| Work item |
Write out the data again exactly, skipping every picture.
*** Opening of Information given ***
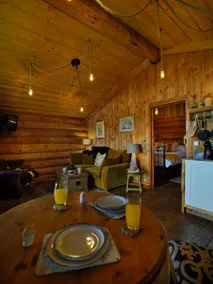 Willow, Luxury Log Cabin Retreat - Image 5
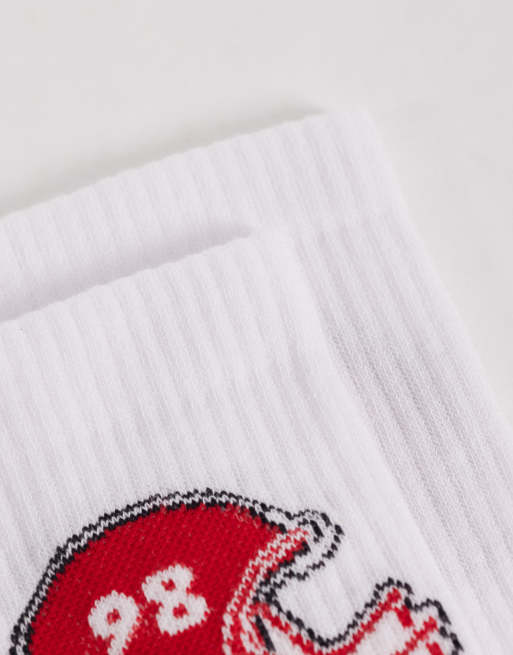 Calcetines blancos con estampado gráfico de casco de fútbol americano de ASOS DESIGN, 2 de 3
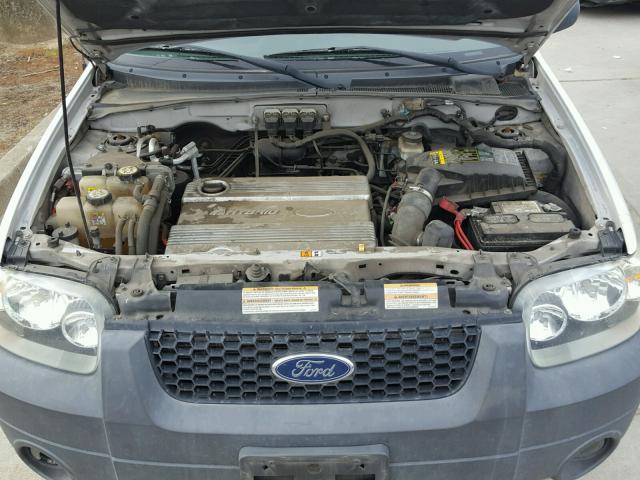 1FMCU95H25KC07677 - 2005 FORD ESCAPE HEV WHITE photo 7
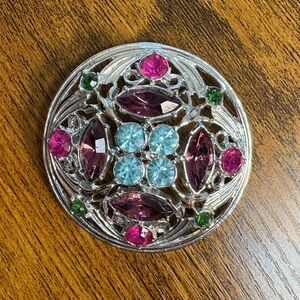 Vintage Sarah Coventry Brooch Silvertone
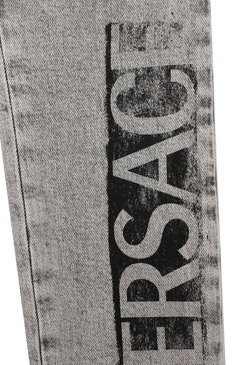 Детские джинсы VERSACE серого цвета, арт. YD000245/A236335/4A-6A | Фото 3 (Материал внешний: Хлопок)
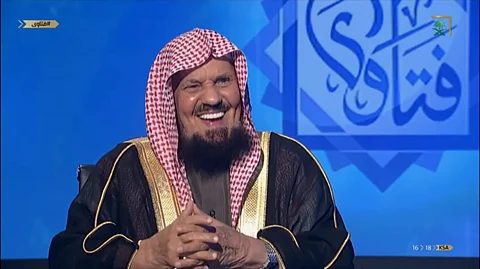 "المنيع": الرسول لبس العقال الأبيض والأسود.. لكن العادات قاهرات!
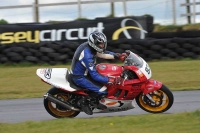 anglesey-no-limits-trackday;anglesey-photographs;anglesey-trackday-photographs;enduro-digital-images;event-digital-images;eventdigitalimages;no-limits-trackdays;peter-wileman-photography;racing-digital-images;trac-mon;trackday-digital-images;trackday-photos;ty-croes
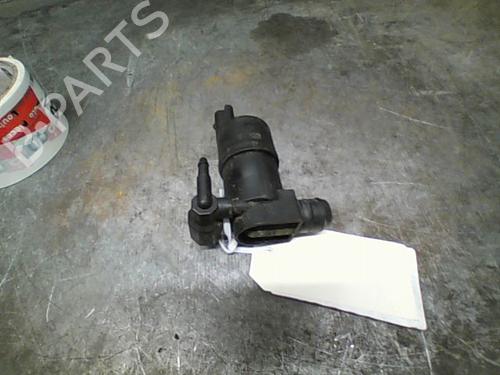 Used Washer pump CITROËN C3 Picasso (SH_) 1.6 HDi (90 hp) 14873979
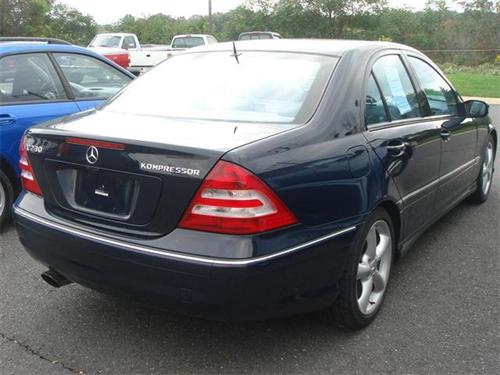 Mercedes-Benz C Class 2005 photo 1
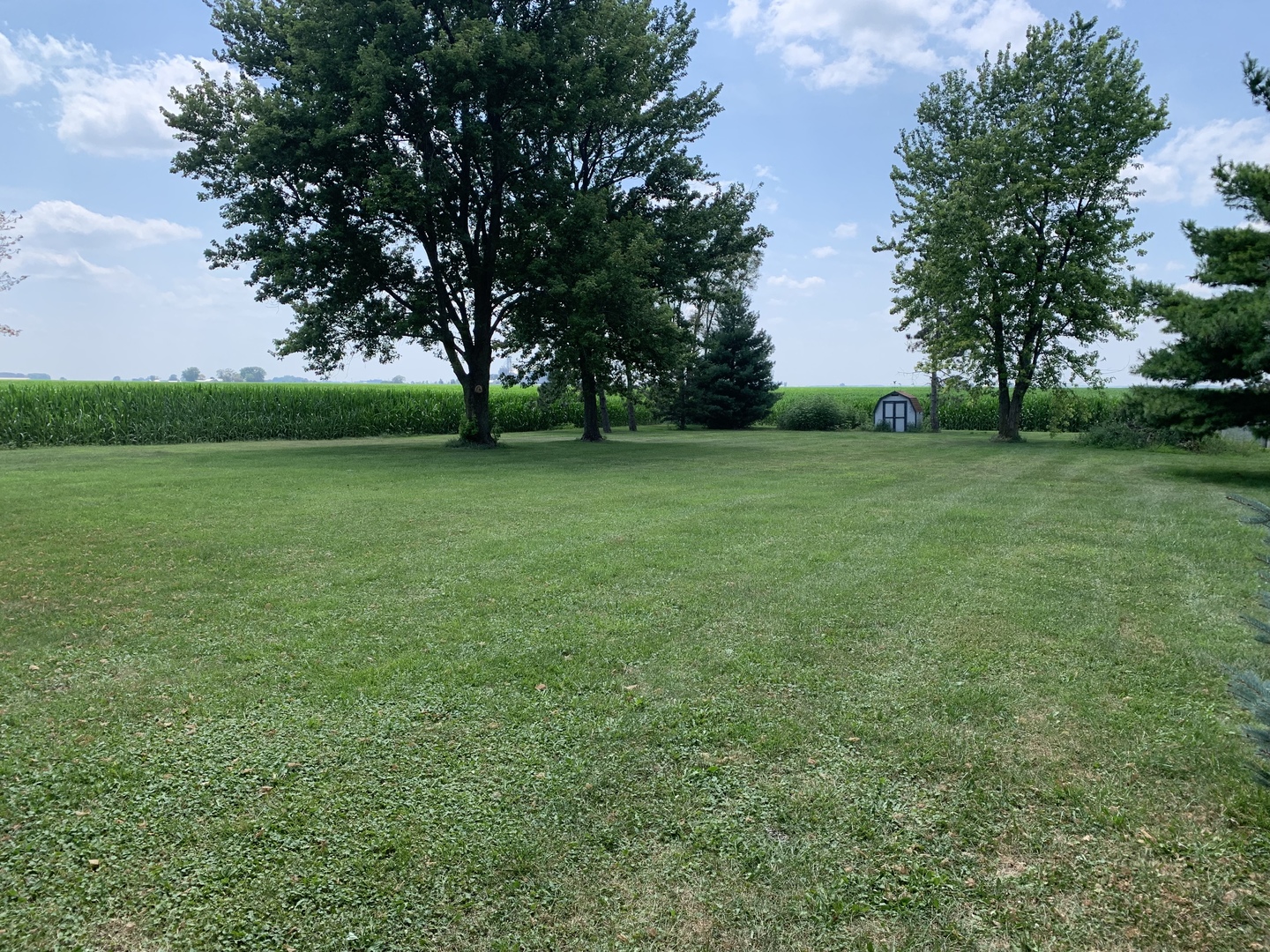5743 Graham Road Waterman, IL 60556 - Photo 5 of 32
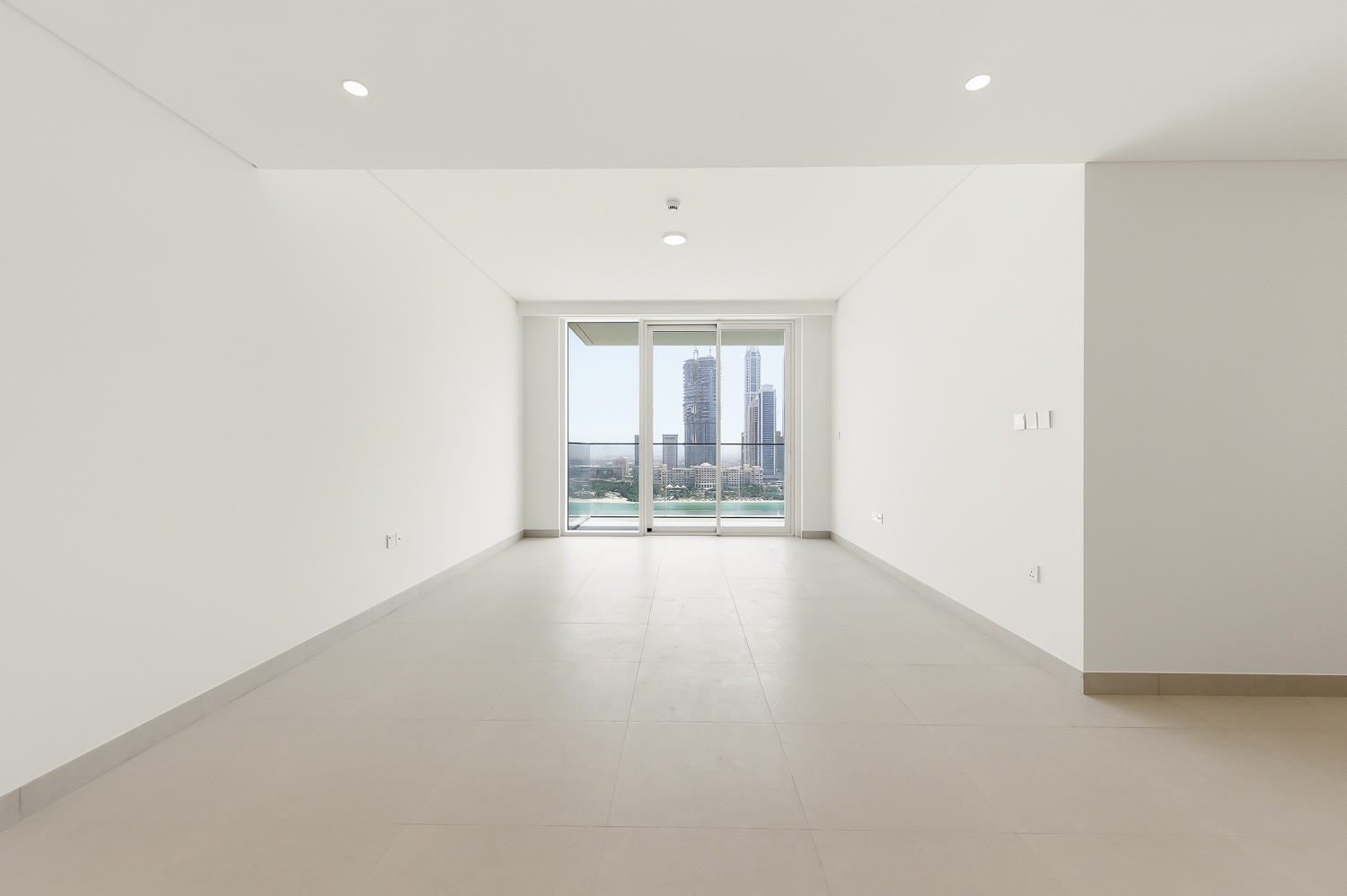 2 Bedrooms Apartment in Beach Mansion Tower 1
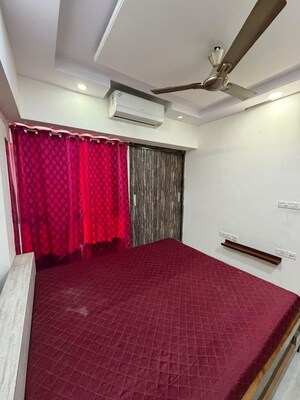 Bedroom in 1.5 BHK Apartment at Lodha Amara, Kolshet Road – for Rent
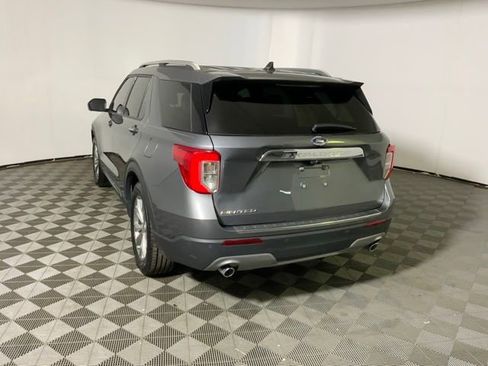 Used 2021 Ford Explorer Limited w/ Equipment Group 301A RWD image 9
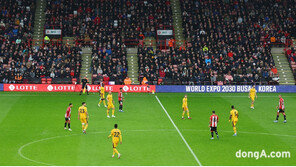 EPL 전광판에 “BUSAN IS READY”… 롯데, ‘부산 엑스포’ 유치 기원 광고 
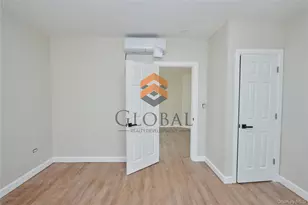 762 E 221st St, Bronx, NY 10467 - Photo 25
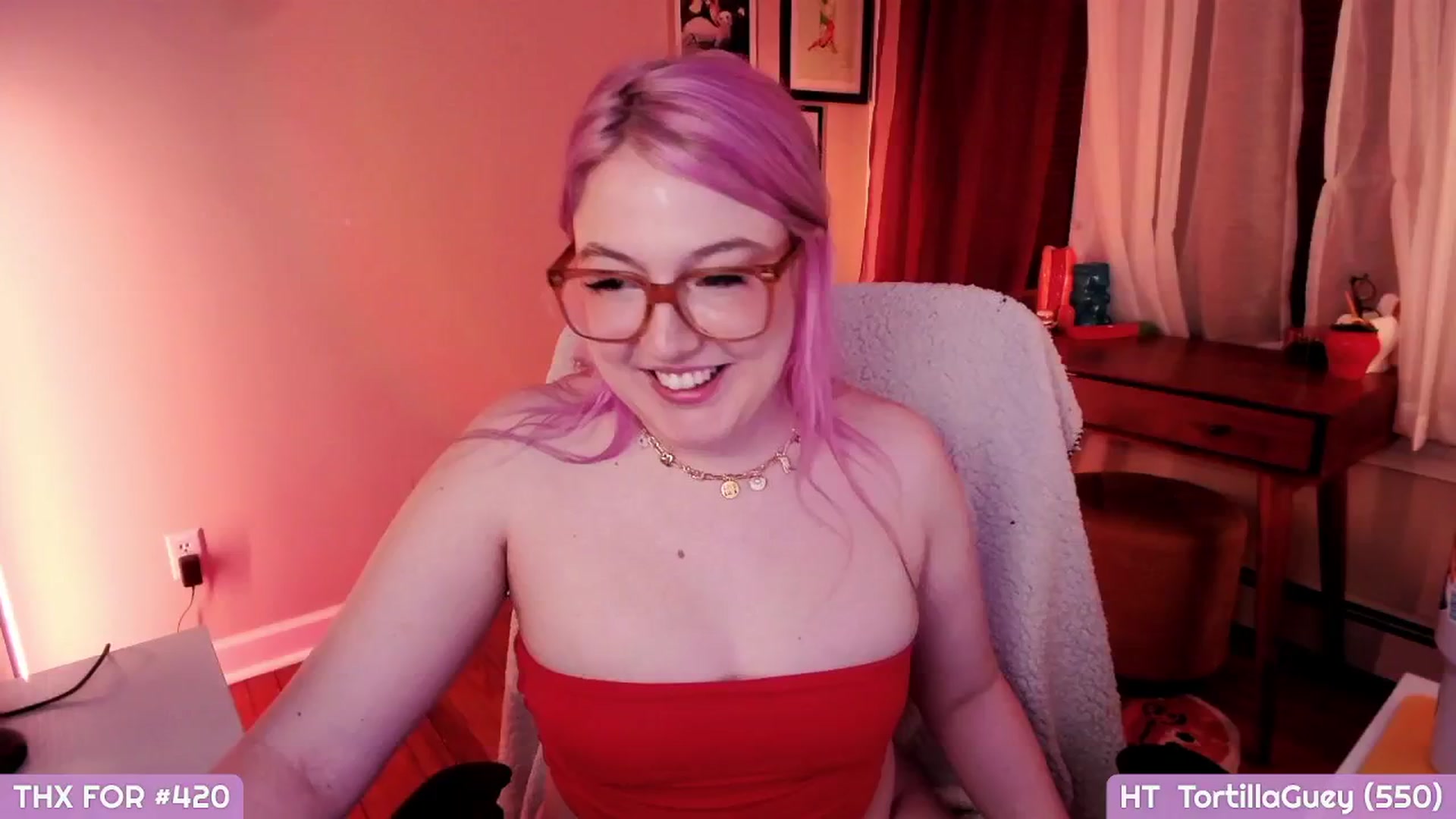 Gallery image thumbnail from MollySnacks's myfreecams stream on, 04/01/2025, 04:14 image 11 of 20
*** Close of Information given ***
| Solution for this problem |
 Willow, Luxury Log Cabin Retreat - Image 5
 Calcetines blancos con estampado gráfico de casco de fútbol americano de ASOS DESIGN, 2 de 3
 1FMCU95H25KC07677 - 2005 FORD ESCAPE HEV WHITE photo 7
 Vintage Sarah Coventry Brooch Silvertone
 Детские джинсы VERSACE серого цвета, арт. YD000245/A236335/4A-6A | Фото 3 (Материал внешний: Хлопок)
 "المنيع": الرسول لبس العقال الأبيض والأسود.. لكن العادات قاهرات!
 anglesey-no-limits-trackday;anglesey-photographs;anglesey-trackday-photographs;enduro-digital-images;event-digital-images;eventdigitalimages;no-limits-trackdays;peter-wileman-photography;racing-digital-images;trac-mon;trackday-digital-images;trackday-photos;ty-croes
 Used Washer pump CITROËN C3 Picasso (SH_) 1.6 HDi (90 hp) 14873979
 Mercedes-Benz C Class 2005 photo 1
5743 Graham Road Waterman, IL 60556 - Photo 5 of 32
 2 Bedrooms Apartment in Beach Mansion Tower 1
 Bedroom in 1.5 BHK Apartment at Lodha Amara, Kolshet Road – for Rent
 Used 2021 Ford Explorer Limited w/ Equipment Group 301A RWD image 9
 EPL 전광판에 “BUSAN IS READY”… 롯데, ‘부산 엑스포’ 유치 기원 광고 
 762 E 221st St, Bronx, NY 10467 - Photo 25
 Gallery image thumbnail from MollySnacks's myfreecams stream on, 04/01/2025, 04:14 image 11 of 20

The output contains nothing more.